This introduction is useful in that it discusses some of the issues that have challenged the development of virtual environments (VEs) and how some of these have already been resolved.
Kelly et al. investigate several perception and usability improvements for VEs using a popular head mount display (HMD), the HTC Vive Virtual Reality Kit. In this study, an older HMD was also used for display comparison with Vive. Two VEs were also developed for testing. First, a high-quality replica of a real classroom and also an empty grass field were developed. The real-world classroom was also included for comparison testing with the replicated VE model.
The authors are working with the underperception of egocentric distance, such as blind walking, and this has been a major and persistent concern in the development of VEs. Egocentric distance is the distance (or perceived space) from observer to object within virtual reality. Other core judgments measured were verbal distance judgments and size judgments.

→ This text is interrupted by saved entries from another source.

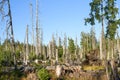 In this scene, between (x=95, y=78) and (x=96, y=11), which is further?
(x=96, y=11)

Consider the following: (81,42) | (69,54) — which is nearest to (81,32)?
(81,42)

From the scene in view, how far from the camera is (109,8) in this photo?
32.1m

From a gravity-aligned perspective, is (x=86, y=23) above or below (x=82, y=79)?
above

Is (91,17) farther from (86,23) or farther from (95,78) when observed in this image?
(95,78)

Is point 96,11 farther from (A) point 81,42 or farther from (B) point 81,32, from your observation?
(B) point 81,32

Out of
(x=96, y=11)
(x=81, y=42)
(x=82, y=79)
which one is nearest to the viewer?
(x=82, y=79)

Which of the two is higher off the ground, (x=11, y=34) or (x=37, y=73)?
(x=11, y=34)

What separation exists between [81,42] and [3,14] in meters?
71.7

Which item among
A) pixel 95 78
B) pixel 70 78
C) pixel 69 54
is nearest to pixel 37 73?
pixel 70 78

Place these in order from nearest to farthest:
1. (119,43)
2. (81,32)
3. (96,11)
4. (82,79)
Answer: (82,79) → (96,11) → (119,43) → (81,32)

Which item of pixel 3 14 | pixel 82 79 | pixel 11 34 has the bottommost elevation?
pixel 82 79

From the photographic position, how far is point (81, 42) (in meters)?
97.1

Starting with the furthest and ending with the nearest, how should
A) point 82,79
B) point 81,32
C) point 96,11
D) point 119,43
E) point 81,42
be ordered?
point 81,32
point 81,42
point 119,43
point 96,11
point 82,79

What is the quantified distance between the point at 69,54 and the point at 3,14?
61.5 m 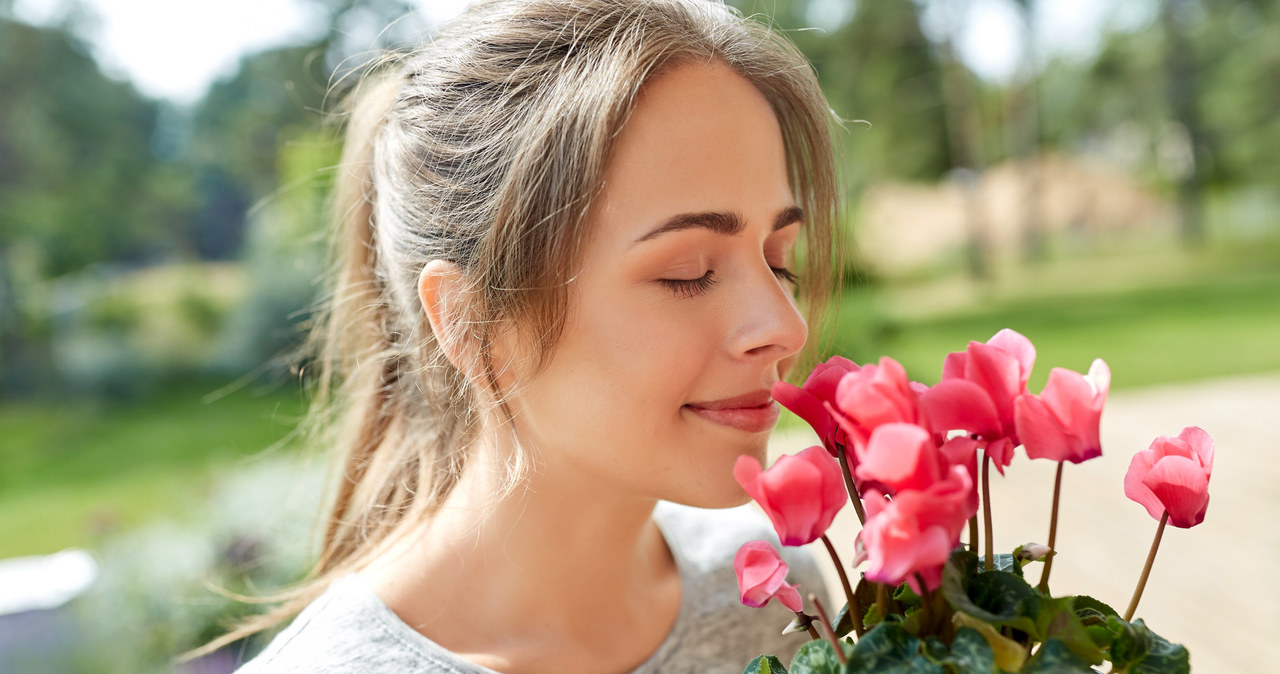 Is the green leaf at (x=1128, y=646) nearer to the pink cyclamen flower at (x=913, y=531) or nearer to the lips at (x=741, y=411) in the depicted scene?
the pink cyclamen flower at (x=913, y=531)

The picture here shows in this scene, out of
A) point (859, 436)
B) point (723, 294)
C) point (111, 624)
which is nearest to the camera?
point (859, 436)

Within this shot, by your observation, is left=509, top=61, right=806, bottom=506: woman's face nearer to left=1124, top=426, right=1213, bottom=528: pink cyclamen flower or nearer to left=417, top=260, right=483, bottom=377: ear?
left=417, top=260, right=483, bottom=377: ear

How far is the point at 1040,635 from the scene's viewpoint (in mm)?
642

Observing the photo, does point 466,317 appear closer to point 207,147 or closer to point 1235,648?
point 1235,648

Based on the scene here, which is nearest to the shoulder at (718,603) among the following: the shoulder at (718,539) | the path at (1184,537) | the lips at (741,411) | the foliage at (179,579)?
the shoulder at (718,539)

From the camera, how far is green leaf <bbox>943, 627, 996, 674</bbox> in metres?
0.59

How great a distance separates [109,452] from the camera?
9.48 m

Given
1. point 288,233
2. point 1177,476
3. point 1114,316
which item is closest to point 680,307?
point 1177,476

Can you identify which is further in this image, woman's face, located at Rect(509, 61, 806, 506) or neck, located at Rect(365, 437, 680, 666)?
neck, located at Rect(365, 437, 680, 666)

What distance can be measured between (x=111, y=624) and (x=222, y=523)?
56 centimetres

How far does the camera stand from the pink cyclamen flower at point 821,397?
734mm

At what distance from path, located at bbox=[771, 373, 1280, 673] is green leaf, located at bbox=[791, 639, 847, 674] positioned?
2324mm

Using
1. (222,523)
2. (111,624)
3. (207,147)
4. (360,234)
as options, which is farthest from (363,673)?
(207,147)

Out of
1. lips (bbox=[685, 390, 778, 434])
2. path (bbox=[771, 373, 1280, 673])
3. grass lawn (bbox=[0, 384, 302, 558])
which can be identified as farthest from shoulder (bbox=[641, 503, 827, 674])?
grass lawn (bbox=[0, 384, 302, 558]) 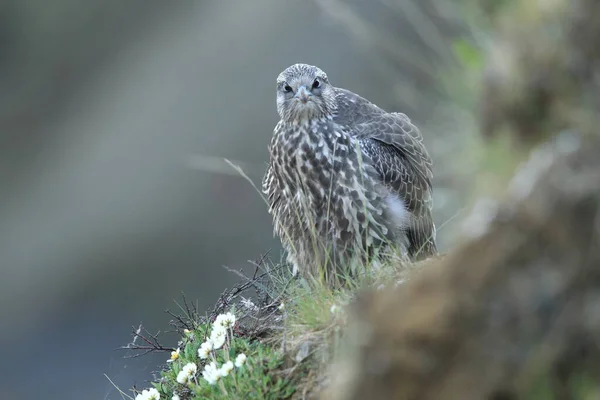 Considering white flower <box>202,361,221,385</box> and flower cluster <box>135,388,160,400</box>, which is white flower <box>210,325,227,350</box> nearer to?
white flower <box>202,361,221,385</box>

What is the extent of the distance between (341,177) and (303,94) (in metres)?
0.67

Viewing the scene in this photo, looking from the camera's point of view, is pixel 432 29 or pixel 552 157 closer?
pixel 552 157

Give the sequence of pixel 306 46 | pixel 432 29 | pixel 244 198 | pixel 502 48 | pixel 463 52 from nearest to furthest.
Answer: pixel 502 48, pixel 463 52, pixel 432 29, pixel 244 198, pixel 306 46

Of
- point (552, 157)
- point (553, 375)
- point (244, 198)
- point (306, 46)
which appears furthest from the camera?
point (306, 46)

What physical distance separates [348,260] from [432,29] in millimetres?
1511

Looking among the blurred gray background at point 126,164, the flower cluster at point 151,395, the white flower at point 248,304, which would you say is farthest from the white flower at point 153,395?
the blurred gray background at point 126,164

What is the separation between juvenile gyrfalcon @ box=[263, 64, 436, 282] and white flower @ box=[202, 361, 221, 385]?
167cm

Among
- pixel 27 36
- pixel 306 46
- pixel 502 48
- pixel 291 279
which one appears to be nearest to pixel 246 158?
pixel 306 46

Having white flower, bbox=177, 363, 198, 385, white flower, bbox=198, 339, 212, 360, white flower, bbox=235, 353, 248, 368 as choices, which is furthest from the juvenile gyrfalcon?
white flower, bbox=235, 353, 248, 368

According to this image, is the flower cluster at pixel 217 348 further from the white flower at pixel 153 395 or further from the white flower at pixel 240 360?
the white flower at pixel 153 395

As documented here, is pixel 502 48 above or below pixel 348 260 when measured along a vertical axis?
below

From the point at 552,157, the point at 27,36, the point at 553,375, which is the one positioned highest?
the point at 27,36

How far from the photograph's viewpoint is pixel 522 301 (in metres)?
2.38

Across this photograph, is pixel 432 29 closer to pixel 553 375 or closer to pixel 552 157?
pixel 552 157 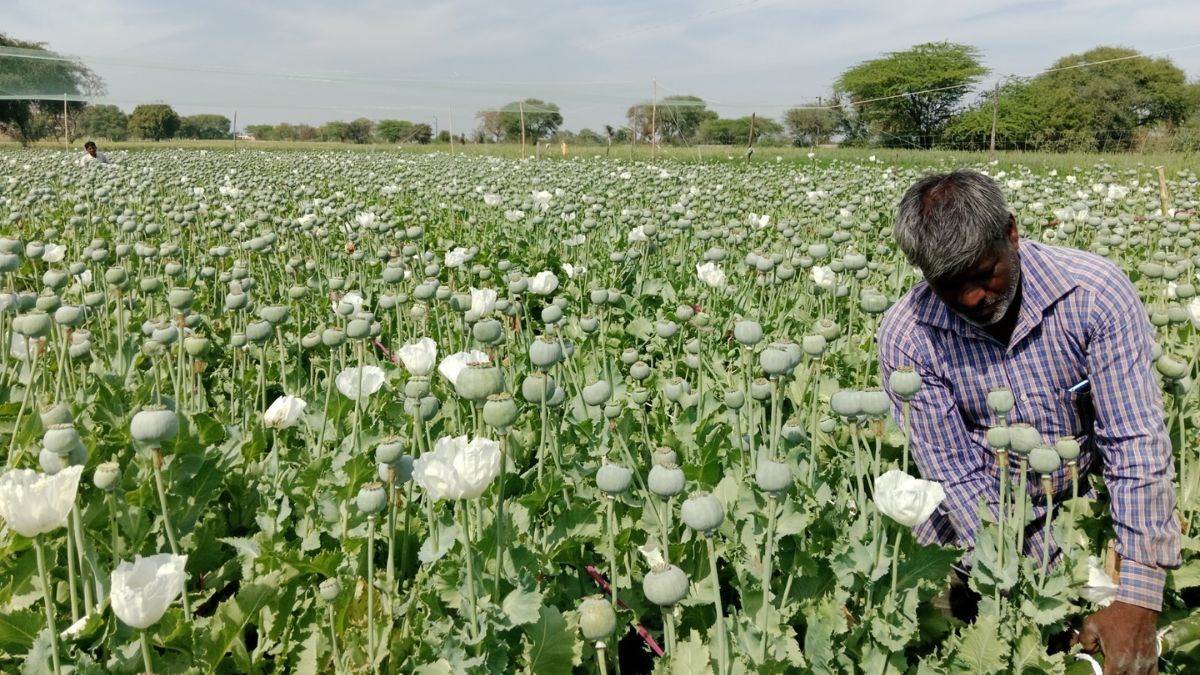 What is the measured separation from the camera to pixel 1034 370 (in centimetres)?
237

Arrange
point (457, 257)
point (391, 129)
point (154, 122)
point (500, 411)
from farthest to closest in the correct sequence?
point (391, 129)
point (154, 122)
point (457, 257)
point (500, 411)

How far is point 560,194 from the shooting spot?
764 centimetres

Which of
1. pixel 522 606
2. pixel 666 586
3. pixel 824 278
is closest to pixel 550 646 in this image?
pixel 522 606

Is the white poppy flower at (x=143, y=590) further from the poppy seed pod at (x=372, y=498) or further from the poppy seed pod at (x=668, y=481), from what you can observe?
the poppy seed pod at (x=668, y=481)

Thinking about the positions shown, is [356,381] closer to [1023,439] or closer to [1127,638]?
[1023,439]

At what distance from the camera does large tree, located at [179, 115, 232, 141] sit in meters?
64.9

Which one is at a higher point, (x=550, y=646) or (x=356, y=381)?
(x=356, y=381)

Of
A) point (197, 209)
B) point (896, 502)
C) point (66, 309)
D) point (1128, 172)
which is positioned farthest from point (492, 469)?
point (1128, 172)

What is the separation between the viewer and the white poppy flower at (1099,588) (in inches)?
82.4

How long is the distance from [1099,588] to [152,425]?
7.09ft

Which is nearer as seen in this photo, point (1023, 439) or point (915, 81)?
point (1023, 439)

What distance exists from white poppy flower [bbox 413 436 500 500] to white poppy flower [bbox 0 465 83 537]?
24.2 inches

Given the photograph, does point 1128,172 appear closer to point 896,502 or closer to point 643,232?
point 643,232

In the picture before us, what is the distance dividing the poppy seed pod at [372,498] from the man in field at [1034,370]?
1.37 m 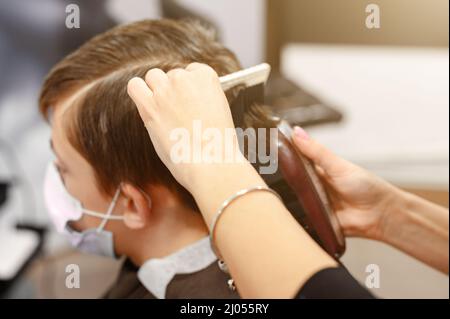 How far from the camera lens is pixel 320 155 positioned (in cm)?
91

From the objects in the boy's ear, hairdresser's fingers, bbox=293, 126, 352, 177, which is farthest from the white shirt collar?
hairdresser's fingers, bbox=293, 126, 352, 177

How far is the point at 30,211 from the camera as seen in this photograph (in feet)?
6.12

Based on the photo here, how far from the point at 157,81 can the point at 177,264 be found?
415 mm

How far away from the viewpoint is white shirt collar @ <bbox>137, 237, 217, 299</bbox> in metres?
0.93

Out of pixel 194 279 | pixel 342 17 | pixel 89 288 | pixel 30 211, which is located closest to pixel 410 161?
pixel 342 17

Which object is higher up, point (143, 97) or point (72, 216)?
point (143, 97)

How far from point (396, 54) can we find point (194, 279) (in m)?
0.65

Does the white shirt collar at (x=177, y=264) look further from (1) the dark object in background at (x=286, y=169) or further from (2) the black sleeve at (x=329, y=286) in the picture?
(2) the black sleeve at (x=329, y=286)

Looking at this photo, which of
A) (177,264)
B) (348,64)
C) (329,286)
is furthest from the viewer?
(348,64)

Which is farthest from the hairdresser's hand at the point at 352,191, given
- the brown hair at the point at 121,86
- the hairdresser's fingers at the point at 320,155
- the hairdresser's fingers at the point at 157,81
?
the hairdresser's fingers at the point at 157,81

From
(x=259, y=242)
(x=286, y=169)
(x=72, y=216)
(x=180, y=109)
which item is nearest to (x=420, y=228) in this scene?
(x=286, y=169)

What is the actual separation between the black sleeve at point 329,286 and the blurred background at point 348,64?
37cm

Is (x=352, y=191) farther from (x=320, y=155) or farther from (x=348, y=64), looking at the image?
(x=348, y=64)

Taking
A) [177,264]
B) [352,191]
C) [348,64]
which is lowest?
[177,264] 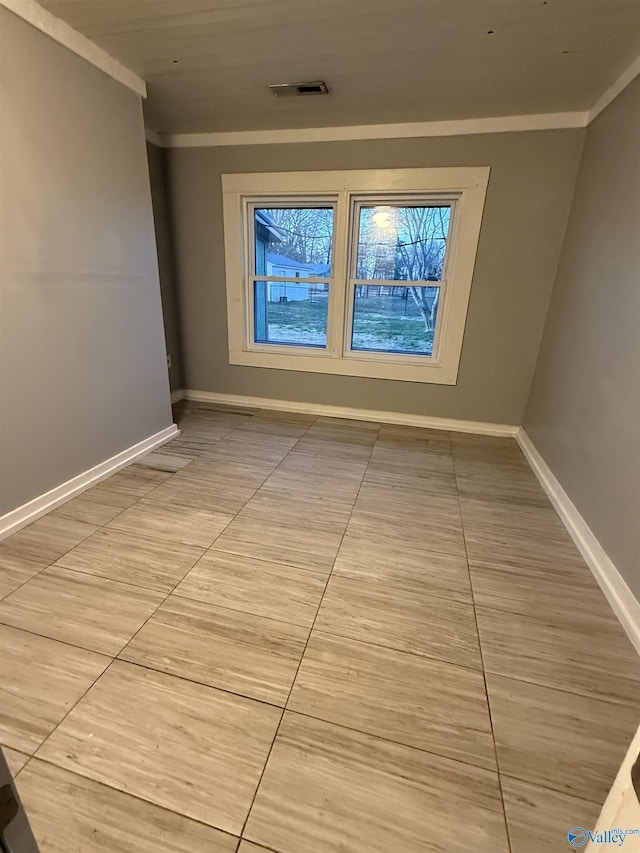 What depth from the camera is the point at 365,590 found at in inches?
64.3

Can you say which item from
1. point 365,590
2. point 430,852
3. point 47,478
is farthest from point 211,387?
point 430,852

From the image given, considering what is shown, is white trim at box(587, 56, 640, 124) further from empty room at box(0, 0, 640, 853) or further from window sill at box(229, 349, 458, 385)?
window sill at box(229, 349, 458, 385)

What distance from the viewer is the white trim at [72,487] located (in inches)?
75.3

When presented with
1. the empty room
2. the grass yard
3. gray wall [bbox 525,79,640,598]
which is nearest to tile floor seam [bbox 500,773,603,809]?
the empty room

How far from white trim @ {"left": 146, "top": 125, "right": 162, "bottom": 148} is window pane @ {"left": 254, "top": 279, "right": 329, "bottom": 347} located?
1.32m

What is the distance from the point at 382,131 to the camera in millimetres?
2844

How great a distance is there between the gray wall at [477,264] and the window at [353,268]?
0.30 feet

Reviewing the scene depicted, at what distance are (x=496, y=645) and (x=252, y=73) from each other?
3.09m

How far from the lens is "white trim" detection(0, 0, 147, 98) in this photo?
5.63 feet

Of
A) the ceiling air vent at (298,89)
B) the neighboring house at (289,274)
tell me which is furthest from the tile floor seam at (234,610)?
the ceiling air vent at (298,89)

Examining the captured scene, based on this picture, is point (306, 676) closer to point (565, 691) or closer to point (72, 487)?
point (565, 691)

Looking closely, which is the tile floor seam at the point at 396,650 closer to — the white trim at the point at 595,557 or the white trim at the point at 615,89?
the white trim at the point at 595,557

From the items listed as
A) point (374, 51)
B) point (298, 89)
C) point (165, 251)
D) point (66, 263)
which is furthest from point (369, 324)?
point (66, 263)

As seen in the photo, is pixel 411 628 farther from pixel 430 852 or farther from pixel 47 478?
pixel 47 478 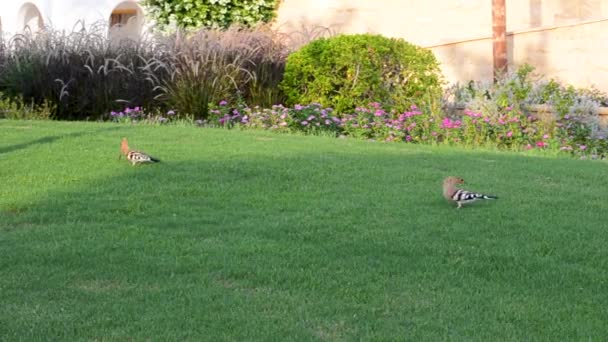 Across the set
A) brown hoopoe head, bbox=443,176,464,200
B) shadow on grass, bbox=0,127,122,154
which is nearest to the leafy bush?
shadow on grass, bbox=0,127,122,154

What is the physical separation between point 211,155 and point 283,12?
11.9 metres

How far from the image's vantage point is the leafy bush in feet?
68.9

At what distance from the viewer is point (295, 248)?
22.7 ft

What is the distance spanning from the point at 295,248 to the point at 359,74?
915 cm

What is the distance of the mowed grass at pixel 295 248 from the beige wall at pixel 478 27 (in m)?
8.55

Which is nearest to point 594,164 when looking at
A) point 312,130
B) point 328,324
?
point 312,130

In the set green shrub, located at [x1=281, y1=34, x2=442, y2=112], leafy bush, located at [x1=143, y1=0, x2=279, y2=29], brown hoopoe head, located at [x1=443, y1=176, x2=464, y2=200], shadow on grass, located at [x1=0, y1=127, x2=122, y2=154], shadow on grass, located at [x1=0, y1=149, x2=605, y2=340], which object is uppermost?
leafy bush, located at [x1=143, y1=0, x2=279, y2=29]

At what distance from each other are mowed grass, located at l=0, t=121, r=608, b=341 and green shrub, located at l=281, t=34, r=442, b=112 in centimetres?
496

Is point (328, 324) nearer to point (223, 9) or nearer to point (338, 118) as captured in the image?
point (338, 118)

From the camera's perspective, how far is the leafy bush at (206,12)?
2102cm

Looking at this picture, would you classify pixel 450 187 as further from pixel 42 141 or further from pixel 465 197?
pixel 42 141

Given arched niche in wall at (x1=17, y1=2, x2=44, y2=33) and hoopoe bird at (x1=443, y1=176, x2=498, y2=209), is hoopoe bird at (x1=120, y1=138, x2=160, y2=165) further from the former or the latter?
arched niche in wall at (x1=17, y1=2, x2=44, y2=33)

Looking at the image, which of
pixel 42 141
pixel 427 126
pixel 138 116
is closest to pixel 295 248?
pixel 42 141

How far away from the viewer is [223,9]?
69.2 feet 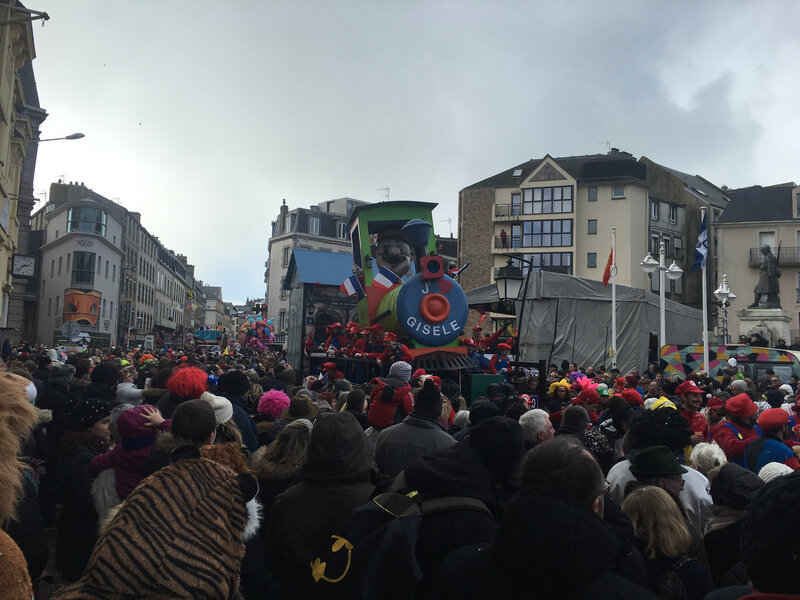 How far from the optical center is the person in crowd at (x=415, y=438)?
4.42 m

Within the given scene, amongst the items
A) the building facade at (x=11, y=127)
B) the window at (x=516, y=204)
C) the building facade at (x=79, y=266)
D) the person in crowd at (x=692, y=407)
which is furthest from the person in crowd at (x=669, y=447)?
the window at (x=516, y=204)

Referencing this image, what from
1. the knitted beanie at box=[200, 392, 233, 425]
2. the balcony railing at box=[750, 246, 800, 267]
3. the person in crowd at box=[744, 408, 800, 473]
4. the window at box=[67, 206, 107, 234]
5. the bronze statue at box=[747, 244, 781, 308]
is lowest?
the person in crowd at box=[744, 408, 800, 473]

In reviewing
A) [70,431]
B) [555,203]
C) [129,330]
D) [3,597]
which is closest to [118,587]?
[3,597]

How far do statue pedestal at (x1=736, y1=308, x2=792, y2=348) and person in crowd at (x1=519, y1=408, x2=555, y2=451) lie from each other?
25.3 meters

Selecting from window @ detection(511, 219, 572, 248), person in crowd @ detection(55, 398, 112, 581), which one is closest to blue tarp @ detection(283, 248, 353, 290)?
person in crowd @ detection(55, 398, 112, 581)

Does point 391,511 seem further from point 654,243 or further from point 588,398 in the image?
point 654,243

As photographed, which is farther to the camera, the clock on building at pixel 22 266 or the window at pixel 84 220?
the window at pixel 84 220

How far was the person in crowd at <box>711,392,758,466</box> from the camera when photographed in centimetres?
569

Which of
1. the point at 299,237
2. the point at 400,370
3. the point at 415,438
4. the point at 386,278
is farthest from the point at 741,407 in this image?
the point at 299,237

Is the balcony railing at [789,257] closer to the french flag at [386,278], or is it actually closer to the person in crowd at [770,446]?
the french flag at [386,278]

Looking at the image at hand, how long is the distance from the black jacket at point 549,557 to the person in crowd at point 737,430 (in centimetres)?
434

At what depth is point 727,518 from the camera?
134 inches

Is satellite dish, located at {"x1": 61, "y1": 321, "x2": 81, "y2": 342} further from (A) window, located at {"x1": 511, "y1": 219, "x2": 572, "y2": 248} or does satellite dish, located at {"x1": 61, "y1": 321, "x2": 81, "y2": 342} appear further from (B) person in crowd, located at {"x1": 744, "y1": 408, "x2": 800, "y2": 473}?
(A) window, located at {"x1": 511, "y1": 219, "x2": 572, "y2": 248}

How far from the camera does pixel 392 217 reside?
19.1 metres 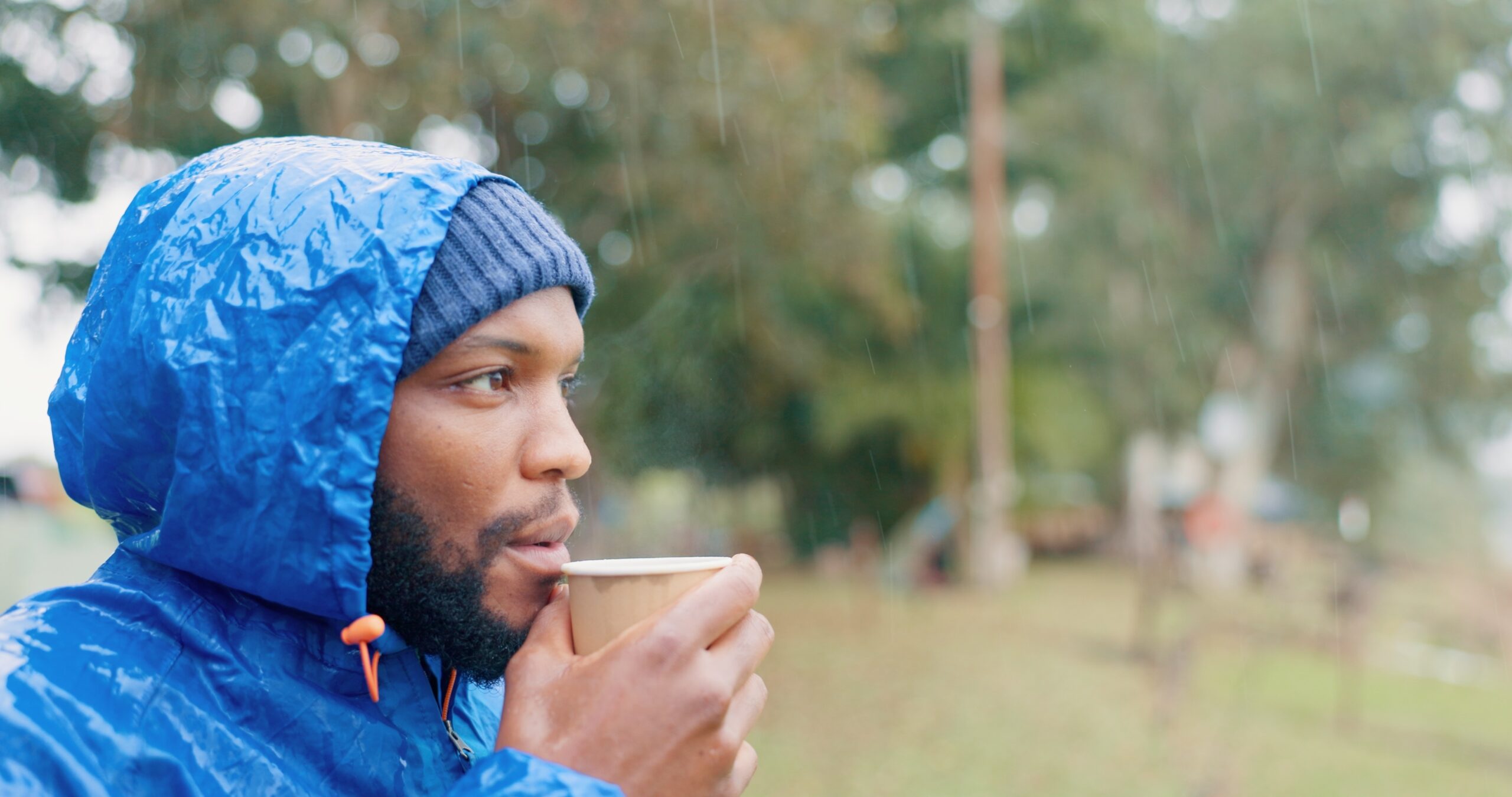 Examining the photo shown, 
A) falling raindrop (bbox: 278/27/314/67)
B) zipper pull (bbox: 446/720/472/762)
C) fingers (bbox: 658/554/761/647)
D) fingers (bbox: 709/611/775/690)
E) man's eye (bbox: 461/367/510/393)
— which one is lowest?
zipper pull (bbox: 446/720/472/762)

Other sections within the paper describe the procedure, analysis, and results. The discussion section presents key findings, reports the study, and provides a clear summary of the testing process. The results indicate that there were incremental improvements demonstrated by the HTV Vive headset, but not the older models. The authors explain that these improvements are expected to be a feature included with future headset technologies and are likely to render the problem of distance underperception, for example, as less important anyway. This is because improved technology in virtual reality (VR) and HDM displays are expected to facilitate and develop more accurate methods to work with judgments within perceived space.